Summarize file with column matching

newbie83 · November 11, 2011, 2:24pm

Guys,

Please help me with this code. I have 2GB file to process and shell seems to be the best option. I am a biologist and though I can think of the logic, the commands are beyond me. Any help is greatly appreciated. Please look at the attched file and the requirement will be very clear.

I want to count rows from file2 which match columns from file 1 and group the rows.

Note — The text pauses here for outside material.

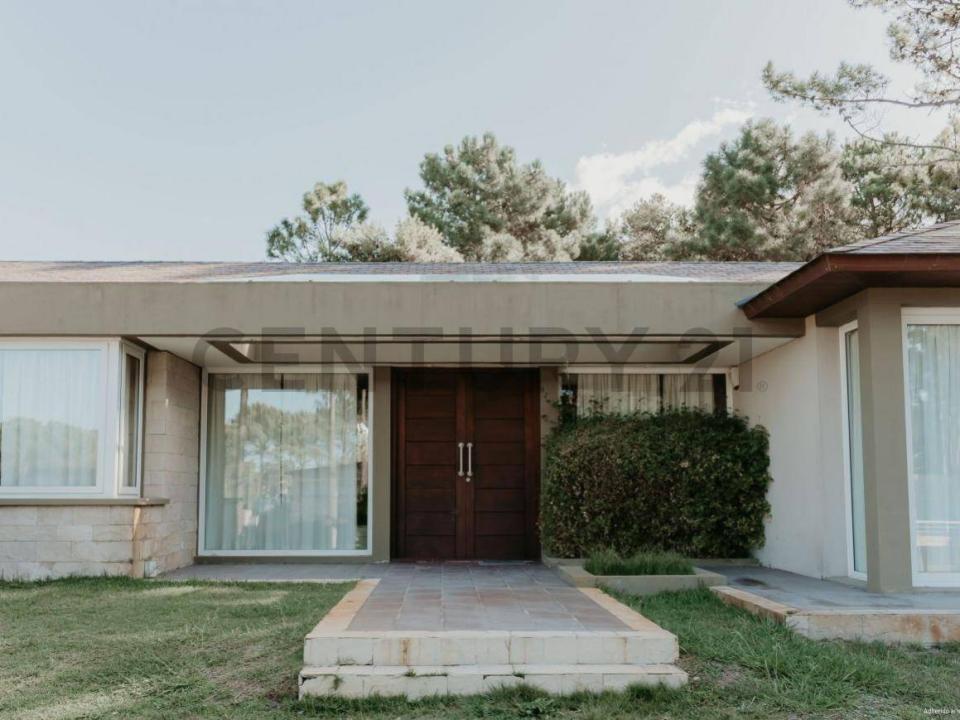 Del Juncal 1232, Pinamar, Buenos Aires Costa Atlántica 7167, Argentina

1) FILE 1 : col 1 and 3 has to be matched with FILE 2:col 1 and 2.
2) When condition1 is satisfied, I need to count and separate rows in FILE:1 belonging to group1 or group 2.
Compare FILE 1 :col 3 to FILE 2 : cols 3 and 4, if they are of different lengths then
trim the last character from FILE1 col3 and compare.
If it matches with FILE2:col 3, then increment group 1.
If it matches with FILE2:col 4, then increment group 2.
If it does not match any, assign it to grp1 or grp2 whichever has the value blank,if none of the two is blank then ignore that row.

3) Do steps 1 and 2 for each value of FILE:1 col 2.

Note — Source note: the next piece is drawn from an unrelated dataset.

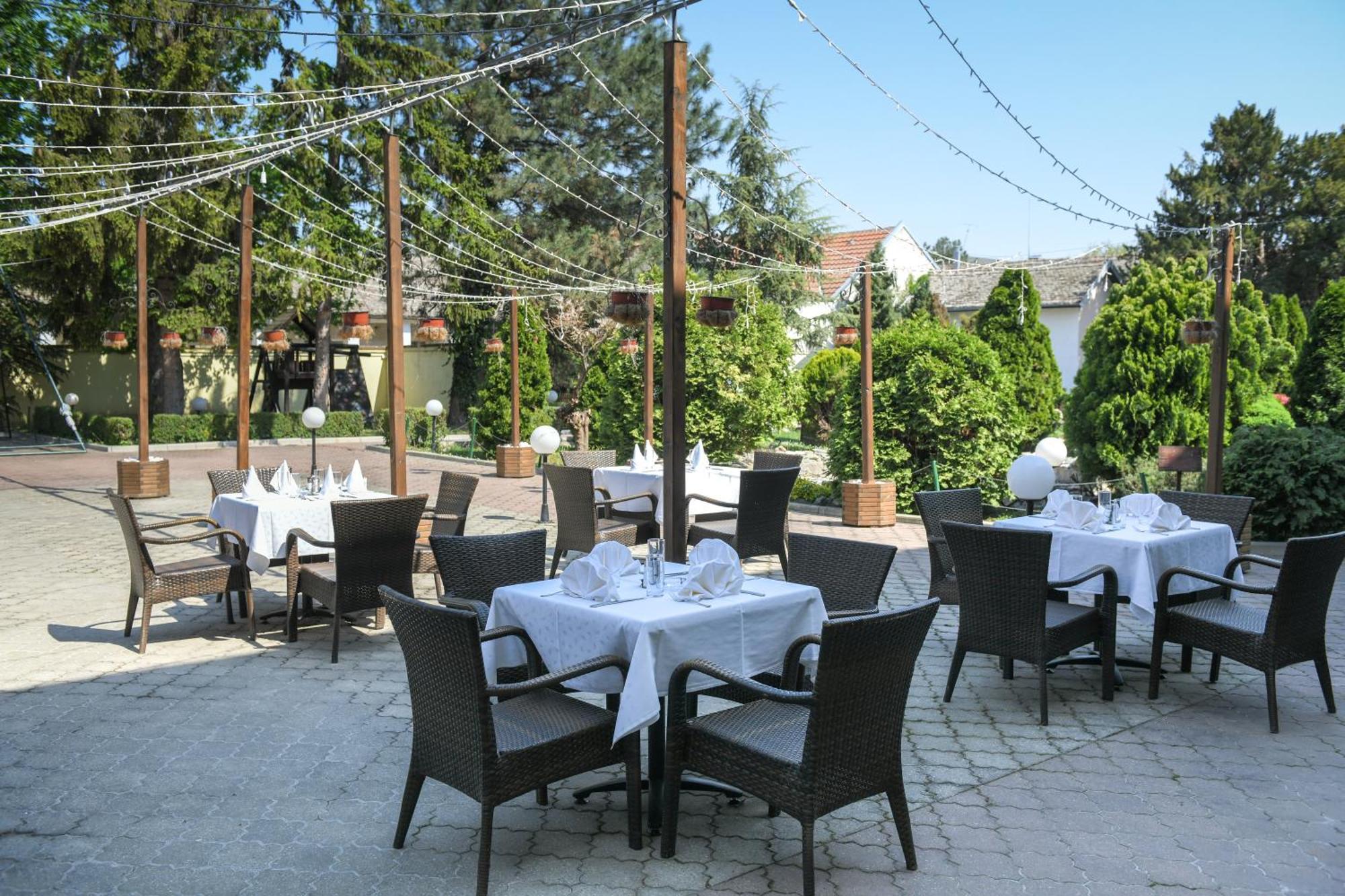 Hotel Fontana Backa Palanka Exterior photo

The string "random" in the attached file can be any non-blank string.

FILE:2

c1	1234	a t
c1	1534	a t
c1	1634	a t
c1	1654	a t
c1	2234	a t
c1	5678	g t
c1	91011	t a
c1	2444	taa blank
c1	5667	att blank
c1	34566	blank att
c1	36365	a t
c2	88777	G blank
c2	7455	T a		
c2	46445	g t
c2	74676	a c
c2	565455	c G


FILE:1
c1	g1	1234	a 
c1	g1	1234	t
c1	g1	1234	t
c1	g1	1234	a 
c1	g1	1234	a 
c1	g1	1234	a 
c1	g1	5678	g 
c1	g1	5678	C
c1	g1	5678	t
c1	g1	5678	t
c1	g1	5678	t
c1	g1	5678	g 
c1	g1	5678	g 
c1	g1	91011	t 
c1	g2	2444	random
c1	g2	2444	random
c1	g2	2444	random
c1	g2	2444	taa
c1	g2	2444	random
c1	g2	2444	taa 
c1	g2	5667	att
c1	g2	34566	random
c1	g2	36365	a 
c2	g3	88777	G 
c2	g3	88777	G 
c2	g3	88777	random
c2	g3	88777	G 
c2	g3	88777	G 
c2	g3	7455	T 		
c2	g4	46445	t
c2	g4	74676	c
c2	g4	74676	c
c2	g4	74676	a 
c2	g4	74676	a 
c2	g4	74676	c
c2	g4	565455	G
c2	g4	565455	G
c2	g4	565455	G


Expected output

c1	g1	8	5
c1	g2	5	4
c2	g3	5	1
c2	g4	2	7

radoulov · November 11, 2011, 4:59pm

I don't understand number 2:

Why 2 groups? How can we determine which group the records belong to?

newbie83 · November 11, 2011, 6:13pm

Radoulov,

Col3 in file2 indicates group 1, and Col4 indicates group 2. I need to match file1Col4
with col3 and col4 of file2 and check which one it matches.

The first record has a in file1col4 = grp1 value of a in file2col3
2nd second has t in file1col4 =grp2 value of t in file2col4

c1 g1 1234 a grp1
c1 g1 1234 t grp2
c1 g2 2444 random grp2
c1 g2 34566 random grp1

Also, the data is NOT case sensitive. G=g , AGtc = agTc

Thank you..

newbie83 · November 15, 2011, 4:21pm

Hi radoulov, Is my requirement clear now? Thanks a ton for your help.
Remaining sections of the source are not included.